Phoenix books

References are a rich opportunity to create data objects from an article's page content

Last updated: 2022-12-16 by APaskulin (WMF)
Status: v1 published May 2021

Overview

Work we did before

As an initial prototype, we built a structured content store (aka knowledge store) as a “mid tier” between a content source (in this case, Simple English Wikipedia) and consumers. The video linked below shows the demo site we created.

The goal was to build

A tiny, experimental modern platform
that can serve collections of knowledge
created from multiple trusted sources (although we only used one source, more could be added using the same patterns)
to many product experiences and other platforms.
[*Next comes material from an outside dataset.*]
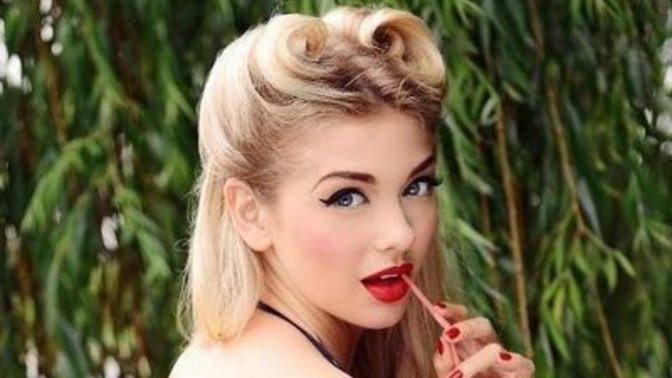 50 ve 60'lı yıllarda yaşamış olsaydın, nasıl bir saç modeli seçerdin kendine?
The easiest way to familiarize yourself with it is to read the summary, watch the video and peruse the repository.

Structured content summary
- Model
- Video
- Repo

Why references?

References (aka citations) are a rich opportunity to create data objects from an article's page content. We could, for example, interrelate books with the pages and subjects they reference. At the moment, references are a wikitext list at the bottom of pages. (And are formatted differently across the ecosystem.) For example, w:Albert_Einstein#References

Distributed as data, they could be used to display content as rich content.

References future ideas
Event storming overview (we asked people to model how the current editing process works)

What we’ll do

We will make a first attempt at untangling references … beginning with books that are referenced on Simple English Wikipedia. There are questions we’ll need to answer together as we go. We can use as much of the previous work as we’d like.

At a high-level, we will:

Get an article from Simple English Wikipedia
Break it down into parts (sections and citations)
Structure it according to the canonical data model (we’ll add a structure for books as citations)
Save it to the knowledge store (S3) as data objects interrelated by hypermedia links (aka a graph)
Import the topics associated with those objects from the previous knowledge store
Associate book with page and topic(s) in elastic search (lots to talk about here)
Repeat for all articles
Add a query language (GraphQL) on top and configure it to return
- Books associated with a page or section (TBD which level we associate)
- Books associated with a topic
- A single book (TBD: how would you find it?)
Consider how this might also help the editing process (see models above)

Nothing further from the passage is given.